Bebop: a revolution in two syllables. It jumped off of swing into the high ozone, on the wings of two unlikely angels, Gillespie and Charlie Parker. Together, and with the collaboration of a tight core of players like Thelonious Monk, Kenny Clarke and a few others, Dizzy and Bird drove jazz back into itself, straight through its heart and out again, sounding brand-new. Parker -- the racked jazz saint and junkie genius -- fit the hipster stereotype more than his good-timing, glad-handing buddy. But in matters of chops and talent, Gillespie played a supporting role to no one.
There have been three jazz trumpet players who could be called, with no second thought, great: Louis Armstrong, Dizzy and Miles Davis. Satch played a sweet, raucous sound that kept its roots strong in the gumbo of hometown New Orleans. Dizzy knew how to nurse a tune too, but his armor-piercing solos tore those roots right up and replanted them farther north, in the new welter of urban angst. But his music, always intrepid, remained fleet. It was spontaneous reinvention in rhythm, a kind of fun that tweaked the far edges but never crossed them.
"Dizzy was the catalyst, the man who inspired us all," the great drummer Max Roach has said. "By the time he came to New York he was playing in all the Big Bands. He was the one who told us about a saxophone player in Kansas City named Charlie Parker or a bass player in Minneapolis named Oscar Pettiford." Dizzy brought them all together to play at a fabled Harlem joint called Minton's, where, after the regular sessions, strange scrambled rhythms and impossible harmonies would float toward the dawn. It was, indeed, a new day.

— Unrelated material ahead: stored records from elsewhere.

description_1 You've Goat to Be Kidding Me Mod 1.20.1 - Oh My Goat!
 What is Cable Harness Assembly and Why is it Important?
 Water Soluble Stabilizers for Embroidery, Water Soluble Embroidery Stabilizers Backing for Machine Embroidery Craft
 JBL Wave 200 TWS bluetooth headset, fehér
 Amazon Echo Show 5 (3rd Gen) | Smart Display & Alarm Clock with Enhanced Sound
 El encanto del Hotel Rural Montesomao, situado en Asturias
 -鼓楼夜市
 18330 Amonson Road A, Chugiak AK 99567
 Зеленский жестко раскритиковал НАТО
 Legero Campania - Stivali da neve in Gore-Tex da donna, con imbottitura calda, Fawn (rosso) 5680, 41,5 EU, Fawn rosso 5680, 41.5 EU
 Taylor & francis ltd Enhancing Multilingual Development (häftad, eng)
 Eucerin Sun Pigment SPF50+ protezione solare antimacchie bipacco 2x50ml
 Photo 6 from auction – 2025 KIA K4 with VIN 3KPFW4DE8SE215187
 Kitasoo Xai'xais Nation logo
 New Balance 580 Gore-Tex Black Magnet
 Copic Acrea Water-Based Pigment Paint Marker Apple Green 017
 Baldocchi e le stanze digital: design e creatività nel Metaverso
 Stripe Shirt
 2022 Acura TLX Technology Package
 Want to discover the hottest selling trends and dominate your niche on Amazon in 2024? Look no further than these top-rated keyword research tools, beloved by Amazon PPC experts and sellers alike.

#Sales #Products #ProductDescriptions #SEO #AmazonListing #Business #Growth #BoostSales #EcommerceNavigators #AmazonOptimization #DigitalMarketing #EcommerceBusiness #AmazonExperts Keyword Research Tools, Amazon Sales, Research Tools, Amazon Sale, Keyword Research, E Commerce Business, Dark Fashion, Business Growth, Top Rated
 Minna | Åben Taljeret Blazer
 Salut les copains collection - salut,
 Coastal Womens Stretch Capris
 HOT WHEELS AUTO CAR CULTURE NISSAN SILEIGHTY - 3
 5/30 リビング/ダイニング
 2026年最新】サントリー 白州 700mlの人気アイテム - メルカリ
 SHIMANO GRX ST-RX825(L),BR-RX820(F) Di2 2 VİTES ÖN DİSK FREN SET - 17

Bop was fractured, urgent, wired. It did not go down easy. In fact, its strenuous experimentation not only polarized the jazz audience but lost jazz itself much popular support. As if realizing this and trying to reach some sort of no-sweat accommodation, Gillespie turned up the volume on his personality. His goatee, heavy-black-frame specs and frequent beret became prototypical hepcat mufti. His voice, which sounded like a thunderclap wanting to purr, could be heard on cool novelties like Swing Low, Sweet Cadillac. His cheeks expanded so far past normal size when he played his horn that he looked, on the bandstand, as if he were on exhibit in an aquarium.